Lines with the word "Pack" are the answer; copy each of them from the data below.

Stored records
....

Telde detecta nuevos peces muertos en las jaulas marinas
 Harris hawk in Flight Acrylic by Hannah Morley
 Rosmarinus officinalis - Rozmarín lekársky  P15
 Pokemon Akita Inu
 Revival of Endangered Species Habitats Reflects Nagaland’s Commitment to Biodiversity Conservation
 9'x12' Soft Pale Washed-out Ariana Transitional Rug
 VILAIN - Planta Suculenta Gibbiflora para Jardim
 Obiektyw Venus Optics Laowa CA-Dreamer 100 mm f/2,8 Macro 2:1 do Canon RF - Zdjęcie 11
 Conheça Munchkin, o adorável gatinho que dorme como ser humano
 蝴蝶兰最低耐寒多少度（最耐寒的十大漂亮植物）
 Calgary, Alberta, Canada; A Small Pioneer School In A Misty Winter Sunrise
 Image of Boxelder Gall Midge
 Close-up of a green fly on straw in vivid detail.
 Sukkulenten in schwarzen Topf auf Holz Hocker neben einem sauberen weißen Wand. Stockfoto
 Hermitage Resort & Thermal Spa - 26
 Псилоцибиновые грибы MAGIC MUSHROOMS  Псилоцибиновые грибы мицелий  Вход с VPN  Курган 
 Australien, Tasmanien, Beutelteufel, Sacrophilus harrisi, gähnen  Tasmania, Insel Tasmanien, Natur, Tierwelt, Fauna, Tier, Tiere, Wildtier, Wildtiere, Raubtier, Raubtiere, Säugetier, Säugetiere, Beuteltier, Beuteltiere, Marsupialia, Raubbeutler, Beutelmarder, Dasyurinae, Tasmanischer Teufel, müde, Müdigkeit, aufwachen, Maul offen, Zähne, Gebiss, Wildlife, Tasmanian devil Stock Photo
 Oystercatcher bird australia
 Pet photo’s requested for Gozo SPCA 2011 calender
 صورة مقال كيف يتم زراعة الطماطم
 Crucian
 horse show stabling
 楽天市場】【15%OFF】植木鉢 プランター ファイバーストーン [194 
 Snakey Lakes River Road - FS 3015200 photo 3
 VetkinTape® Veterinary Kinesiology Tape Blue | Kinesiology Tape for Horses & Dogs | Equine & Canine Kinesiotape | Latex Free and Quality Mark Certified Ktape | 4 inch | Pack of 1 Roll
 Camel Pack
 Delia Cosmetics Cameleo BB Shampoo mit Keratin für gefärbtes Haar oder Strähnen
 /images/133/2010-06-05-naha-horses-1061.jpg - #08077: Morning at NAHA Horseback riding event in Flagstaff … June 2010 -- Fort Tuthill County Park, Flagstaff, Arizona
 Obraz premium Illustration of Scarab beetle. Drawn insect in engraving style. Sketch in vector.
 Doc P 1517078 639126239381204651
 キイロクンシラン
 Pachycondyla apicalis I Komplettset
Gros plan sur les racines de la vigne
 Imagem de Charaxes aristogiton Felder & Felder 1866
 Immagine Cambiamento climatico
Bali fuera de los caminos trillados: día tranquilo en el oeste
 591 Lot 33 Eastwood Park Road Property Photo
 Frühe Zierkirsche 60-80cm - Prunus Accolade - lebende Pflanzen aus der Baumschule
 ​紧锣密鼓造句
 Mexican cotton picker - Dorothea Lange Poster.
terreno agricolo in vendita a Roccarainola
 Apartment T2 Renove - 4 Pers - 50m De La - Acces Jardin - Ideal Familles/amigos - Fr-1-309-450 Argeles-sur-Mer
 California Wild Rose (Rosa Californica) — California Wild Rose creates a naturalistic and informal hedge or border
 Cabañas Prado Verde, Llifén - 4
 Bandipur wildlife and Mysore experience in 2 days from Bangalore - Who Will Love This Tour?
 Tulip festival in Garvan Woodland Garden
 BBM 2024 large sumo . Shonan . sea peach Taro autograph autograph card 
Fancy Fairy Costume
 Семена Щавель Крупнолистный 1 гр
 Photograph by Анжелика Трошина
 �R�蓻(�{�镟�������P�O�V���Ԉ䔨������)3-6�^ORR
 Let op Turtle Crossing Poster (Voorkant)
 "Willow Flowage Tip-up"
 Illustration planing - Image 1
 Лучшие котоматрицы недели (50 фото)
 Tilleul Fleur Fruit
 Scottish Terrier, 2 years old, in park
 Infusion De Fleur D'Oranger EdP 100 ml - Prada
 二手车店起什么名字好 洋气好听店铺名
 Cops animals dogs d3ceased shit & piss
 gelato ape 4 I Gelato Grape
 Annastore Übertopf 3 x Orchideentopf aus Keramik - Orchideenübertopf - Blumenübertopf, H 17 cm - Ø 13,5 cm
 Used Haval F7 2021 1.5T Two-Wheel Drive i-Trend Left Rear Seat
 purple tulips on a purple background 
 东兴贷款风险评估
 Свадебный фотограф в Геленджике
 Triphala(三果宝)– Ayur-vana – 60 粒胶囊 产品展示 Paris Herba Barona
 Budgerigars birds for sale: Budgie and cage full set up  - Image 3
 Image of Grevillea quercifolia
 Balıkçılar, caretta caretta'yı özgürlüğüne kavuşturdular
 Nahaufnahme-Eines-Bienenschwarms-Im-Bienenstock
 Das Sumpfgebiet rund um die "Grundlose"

....

● **RESPONSE TO THIS TASK**
 VetkinTape® Veterinary Kinesiology Tape Blue | Kinesiology Tape for Horses & Dogs | Equine & Canine Kinesiotape | Latex Free and Quality Mark Certified Ktape | 4 inch | Pack of 1 Roll
 Camel Pack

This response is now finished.